◆ Assignment: Print the lines that start the entries and continue through the one holding "Sango Rollo 16-Piece", please, exactly and with the pictures omitted.

◆ Data extracts:
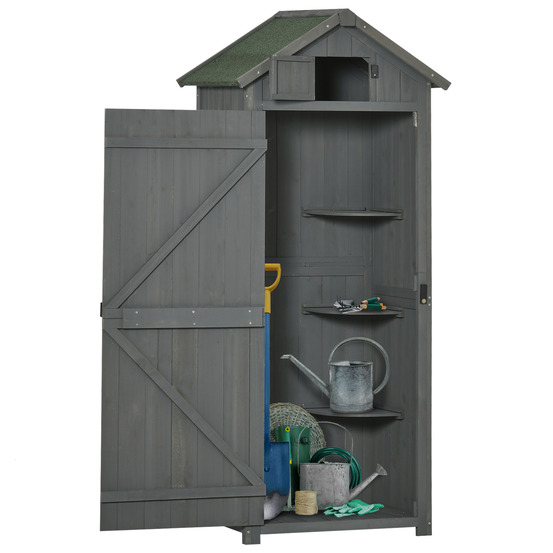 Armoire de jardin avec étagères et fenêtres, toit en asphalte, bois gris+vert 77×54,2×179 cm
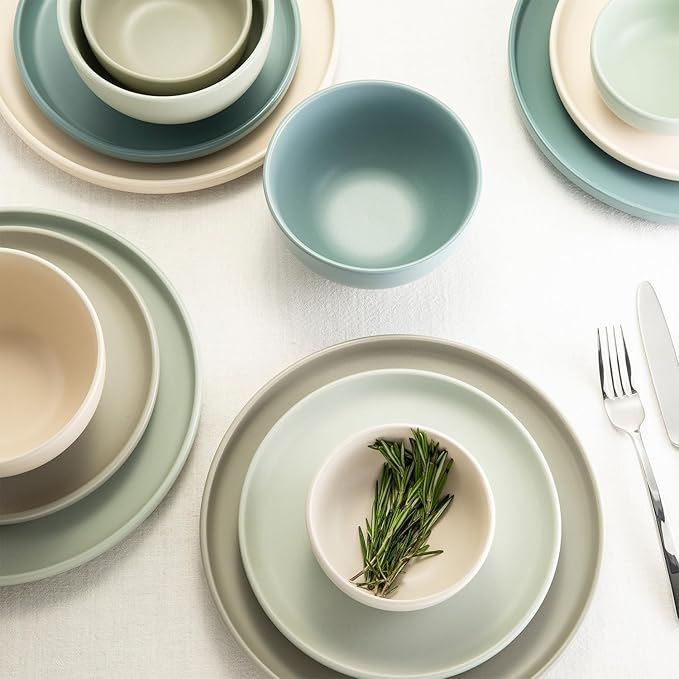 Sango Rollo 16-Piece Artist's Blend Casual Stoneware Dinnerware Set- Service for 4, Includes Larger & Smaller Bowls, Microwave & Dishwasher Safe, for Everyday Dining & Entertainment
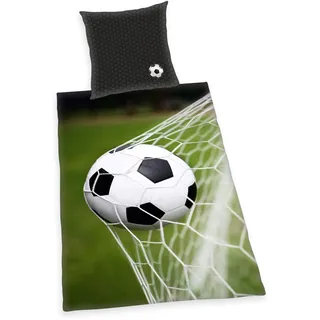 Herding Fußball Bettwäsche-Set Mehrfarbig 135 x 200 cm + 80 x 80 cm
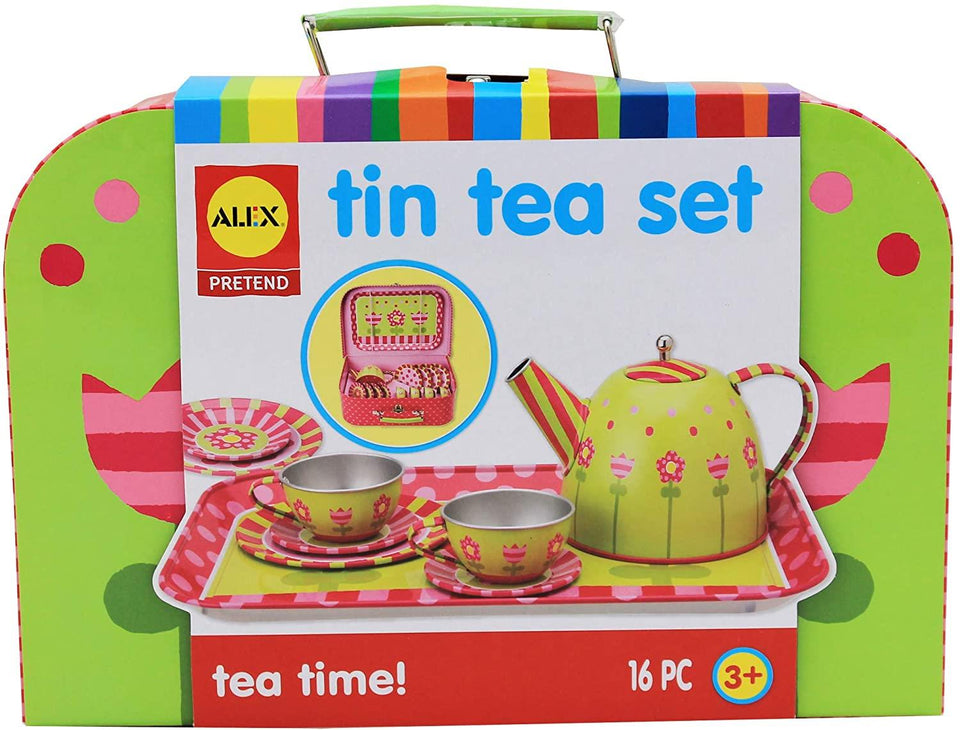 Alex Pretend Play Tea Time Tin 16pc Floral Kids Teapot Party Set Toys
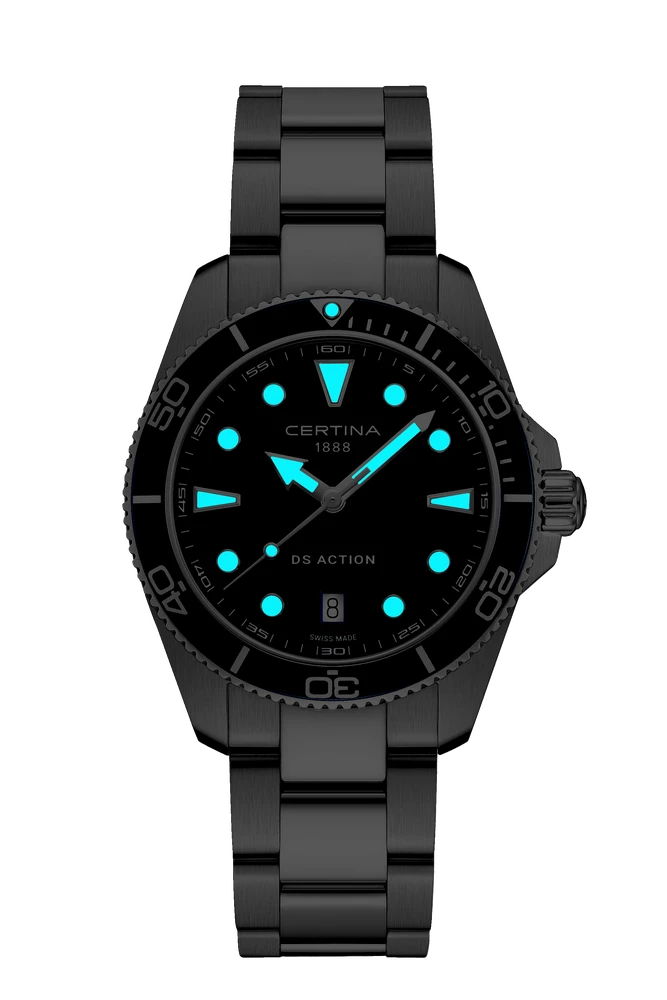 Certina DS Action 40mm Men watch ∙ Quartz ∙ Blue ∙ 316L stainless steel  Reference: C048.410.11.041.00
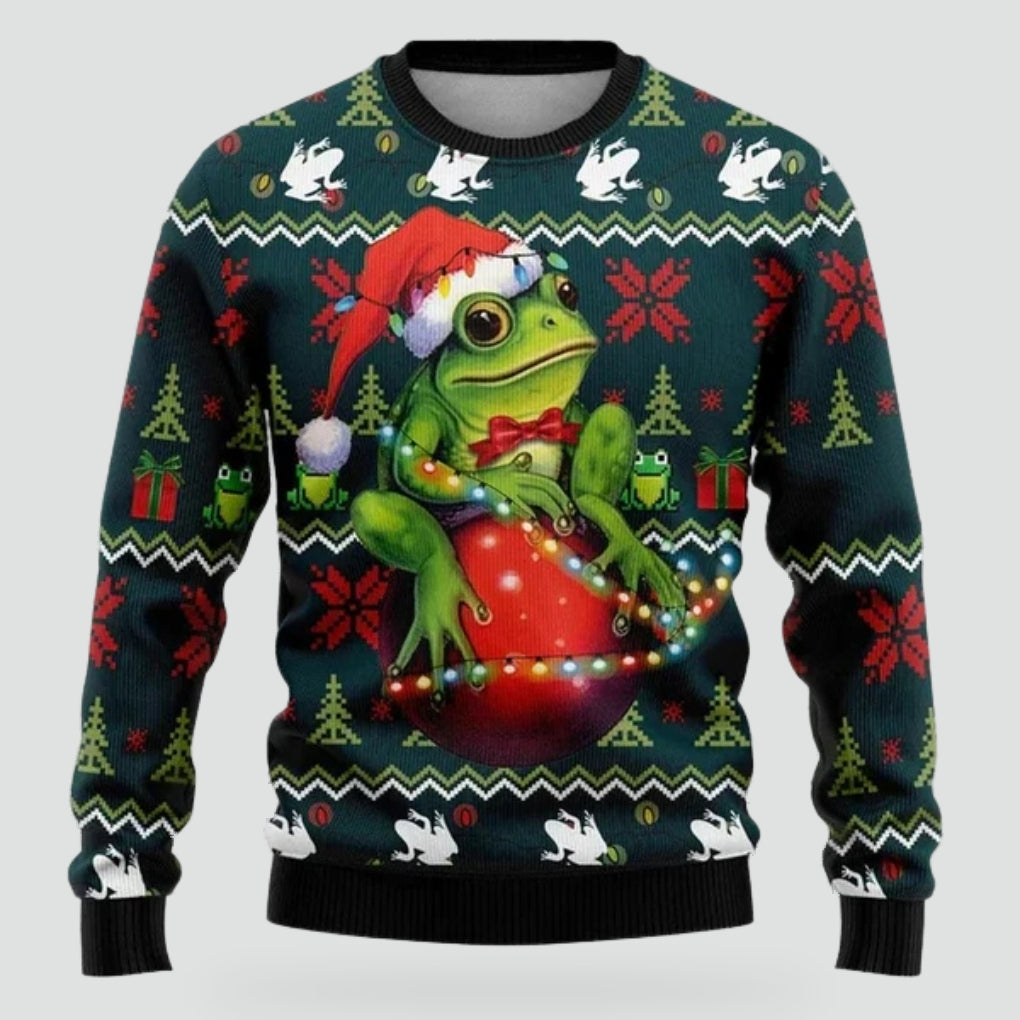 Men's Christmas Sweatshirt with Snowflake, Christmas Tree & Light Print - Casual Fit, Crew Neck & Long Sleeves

◆ Written response:
 Armoire de jardin avec étagères et fenêtres, toit en asphalte, bois gris+vert 77×54,2×179 cm
 Sango Rollo 16-Piece Artist's Blend Casual Stoneware Dinnerware Set- Service for 4, Includes Larger & Smaller Bowls, Microwave & Dishwasher Safe, for Everyday Dining & Entertainment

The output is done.